Leave out the images and transcribe the entries below word for word.

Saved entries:
BEGIN
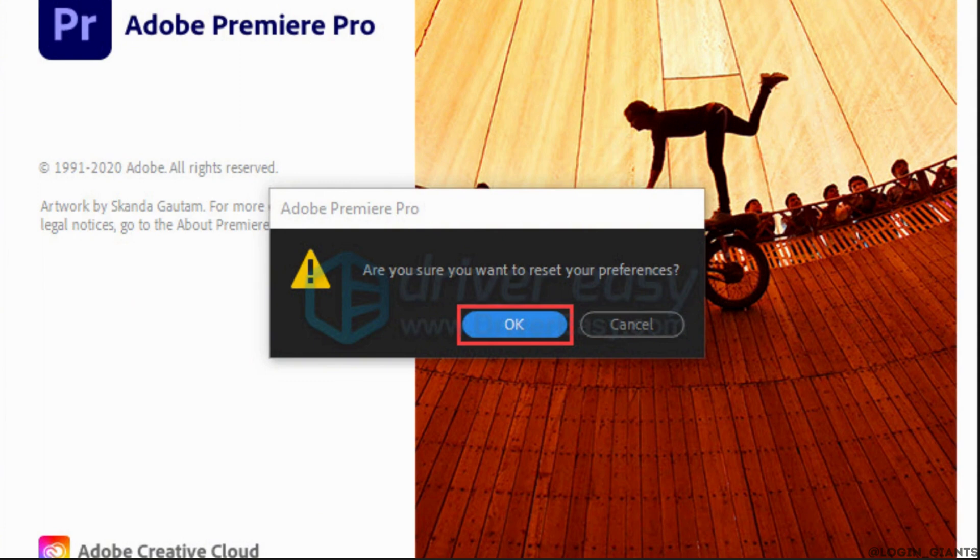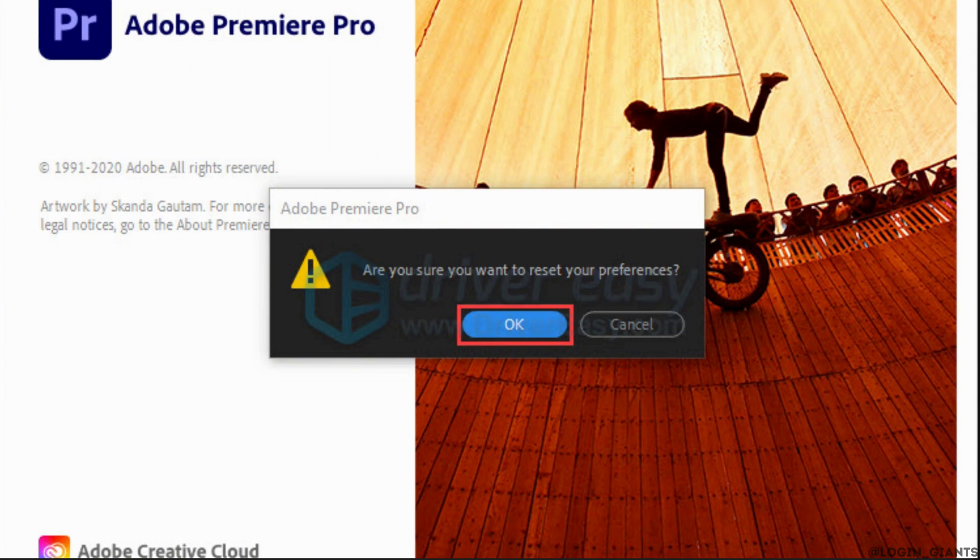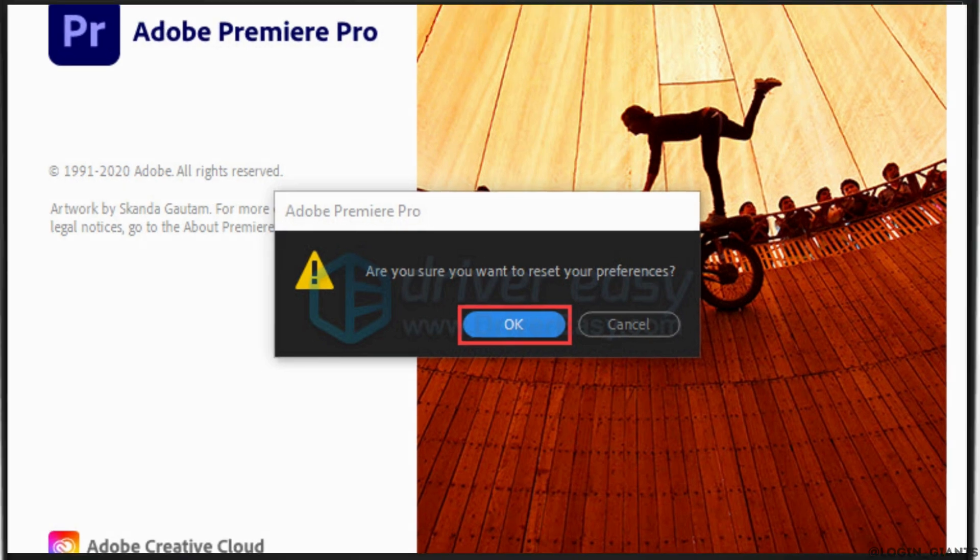But for you, if it doesn't fix your problem, then what you can do is remove the media cache file. Removing the cache file will remove all the unwanted bugs and make your application run smoothly. It might also fix the issue that you have been facing on Adobe Premiere Pro.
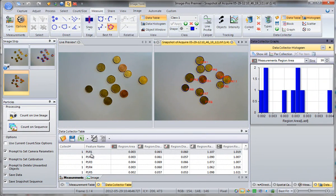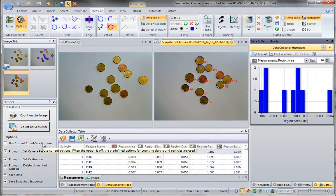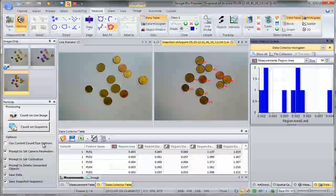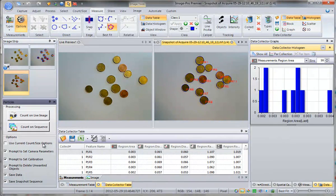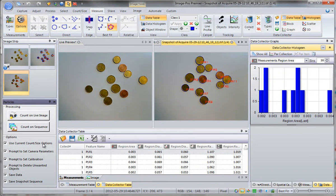Data collector gives you the possibility to see a histogram of the measurements, a data graph, and other parameters. If you want to use your own options — for example, counting dark objects on a bright background or bright objects on a dark background — simply activate this option. Use current count size options and the program will use the options you have set.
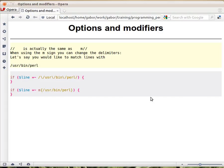Regular expressions can have all kinds of modifiers. For example, what if we want to match something that looks like a Unix path that has slashes in it?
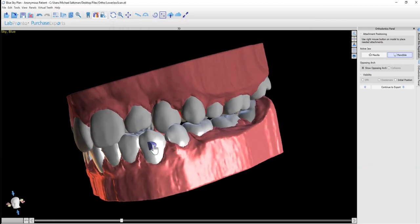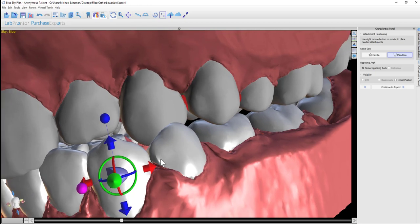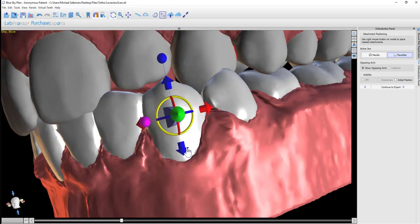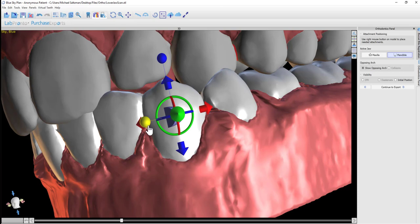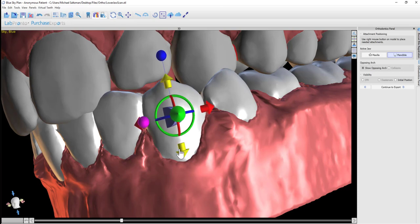The software has added the button to the tooth. You're able to manipulate the button attachment, rotate it, resize it, and use the different controls in the widget.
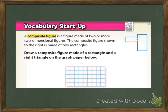A composite figure is a figure made of two or more two-dimensional figures. A composite figure shown to the right is made of two rectangles. Draw a composite figure made of a rectangle and a triangle on the graph paper below — go ahead and draw something. Just make sure it fits on that little piece of paper. Then I'll come back and show you mine. Pause your video.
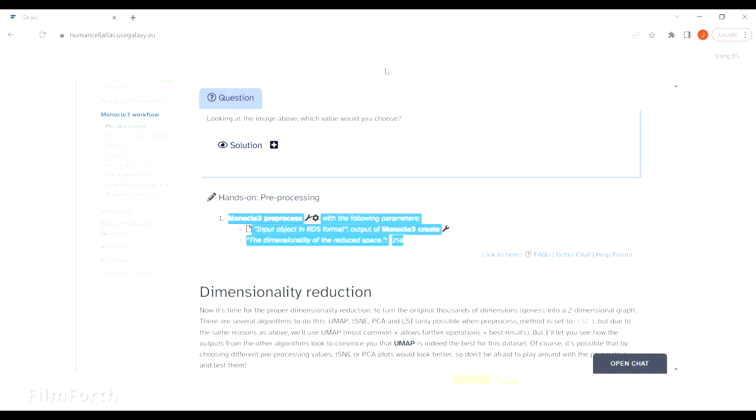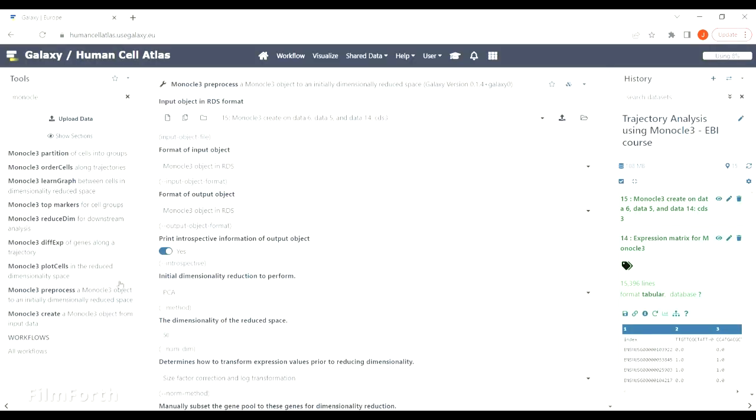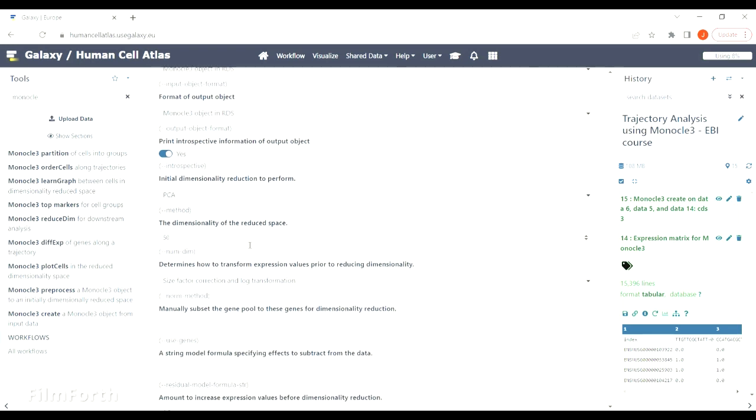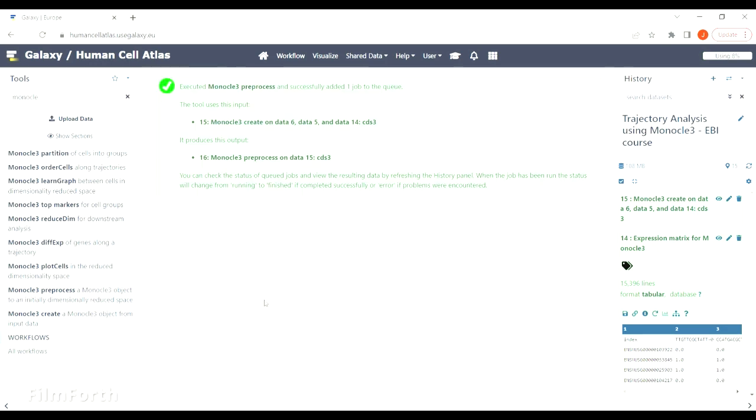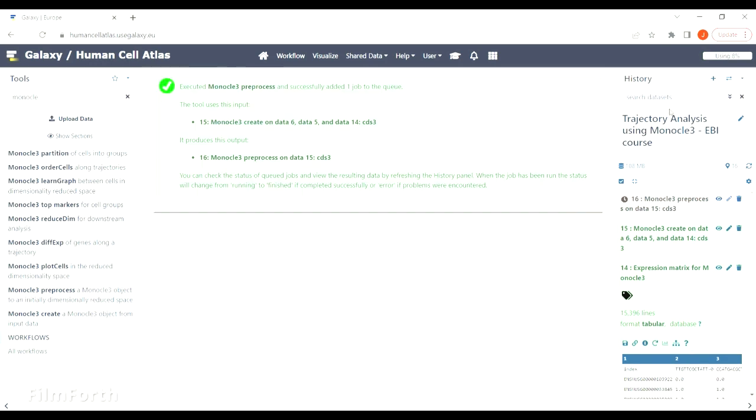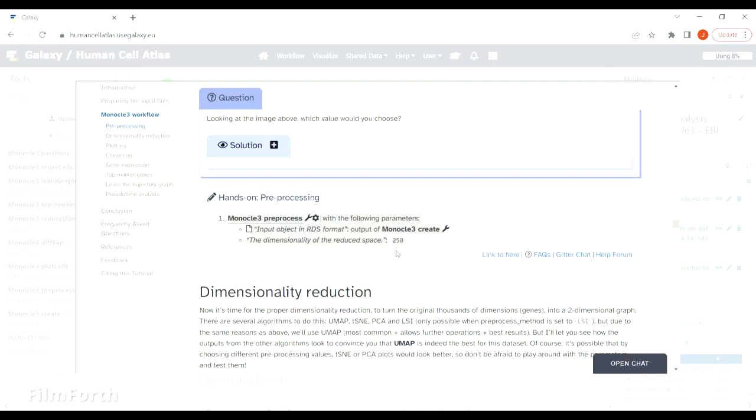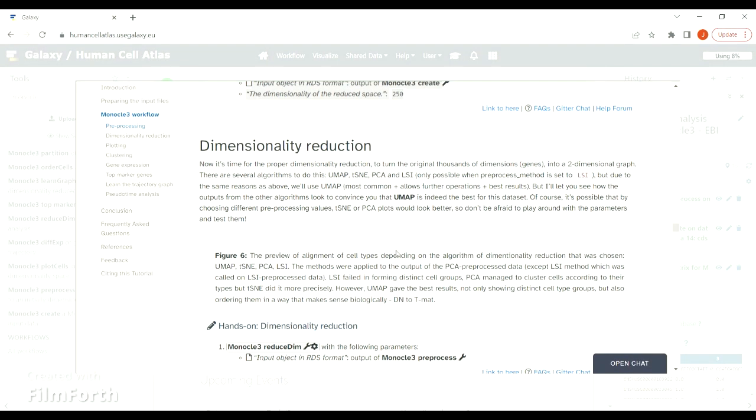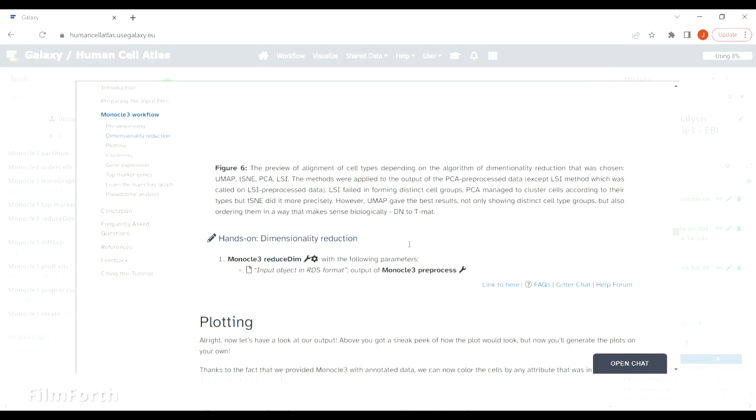We will accept the default settings except dimensionality of the reduced space, which we will set to 250. The explanation why we use this value is in the tutorial, so have a read through that, but you are very welcome to play around this value so that you understand what it changes.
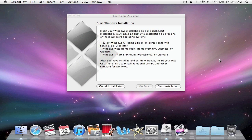So guys, I'm back, and now it has finished partitioning, and it wants us to install Windows XP. So now, what we're going to do is we're going to take our Windows XP installation, or Vista, or Windows 7, but I'm going to be showing you how to do it on Windows XP.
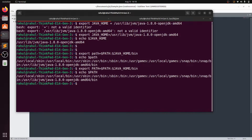The path of Java is successfully set. That's it for the video. In this video we installed Java 8 and saved the path of Java. If you like this video, please subscribe to the channel.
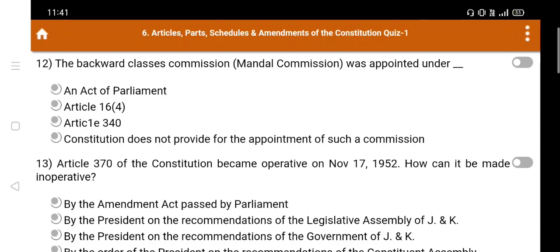Question number 12: The Backward Classes Commission (Mandal Commission) was appointed under — A. An Act of Parliament, B. Article 16(4), C. Article 340, D. The constitution does not provide for the appointment of such a commission. The right answer is Option C: Article 340.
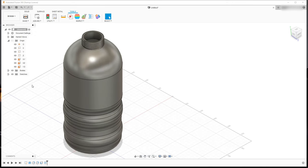That sums up our tutorial on how to create a bottle in Autodesk Fusion 360. Thanks for watching.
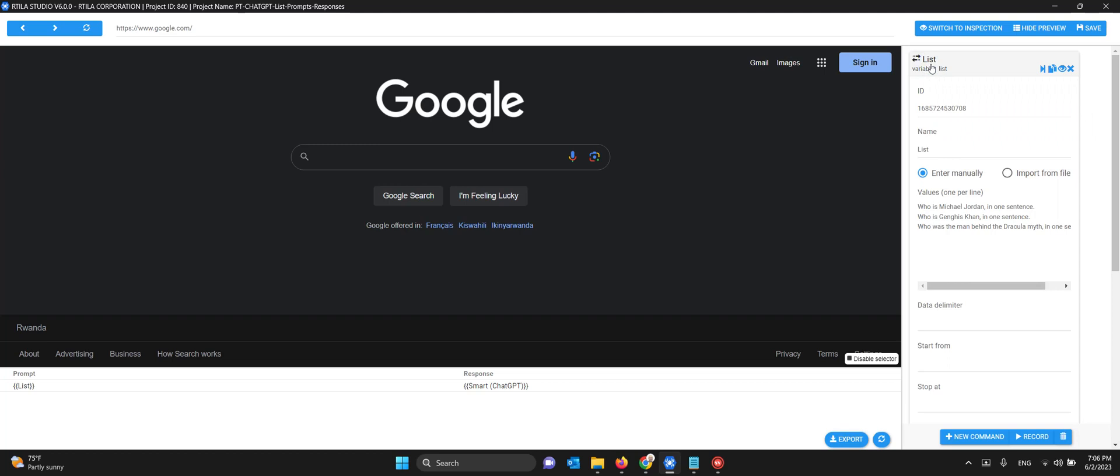First we create a list and in this list you enter manually your prompts, one prompt per line. I'm going to ask who is Michael Jackson, with the instruction that I want just one sentence from ChatGPT, then who is Genghis Khan and who was the man behind Dracula.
END
▶ TASK SOLUTION
But for you, if it doesn't fix your problem, then what you can do is remove the media cache file. Removing the cache file will remove all the unwanted bugs and make your application run smoothly. It might also fix the issue that you have been facing on Adobe Premiere Pro.
Data collector gives you the possibility to see a histogram of the measurements, a data graph, and other parameters. If you want to use your own options — for example, counting dark objects on a bright background or bright objects on a dark background — simply activate this option. Use current count size options and the program will use the options you have set.
Regular expressions can have all kinds of modifiers. For example, what if we want to match something that looks like a Unix path that has slashes in it?
The software has added the button to the tooth. You're able to manipulate the button attachment, rotate it, resize it, and use the different controls in the widget.
A composite figure is a figure made of two or more two-dimensional figures. A composite figure shown to the right is made of two rectangles. Draw a composite figure made of a rectangle and a triangle on the graph paper below — go ahead and draw something. Just make sure it fits on that little piece of paper. Then I'll come back and show you mine. Pause your video.
We will accept the default settings except dimensionality of the reduced space, which we will set to 250. The explanation why we use this value is in the tutorial, so have a read through that, but you are very welcome to play around this value so that you understand what it changes.
So guys, I'm back, and now it has finished partitioning, and it wants us to install Windows XP. So now, what we're going to do is we're going to take our Windows XP installation, or Vista, or Windows 7, but I'm going to be showing you how to do it on Windows XP.
The path of Java is successfully set. That's it for the video. In this video we installed Java 8 and saved the path of Java. If you like this video, please subscribe to the channel.
Question number 12: The Backward Classes Commission (Mandal Commission) was appointed under — A. An Act of Parliament, B. Article 16(4), C. Article 340, D. The constitution does not provide for the appointment of such a commission. The right answer is Option C: Article 340.
That sums up our tutorial on how to create a bottle in Autodesk Fusion 360. Thanks for watching.
First we create a list and in this list you enter manually your prompts, one prompt per line. I'm going to ask who is Michael Jackson, with the instruction that I want just one sentence from ChatGPT, then who is Genghis Khan and who was the man behind Dracula.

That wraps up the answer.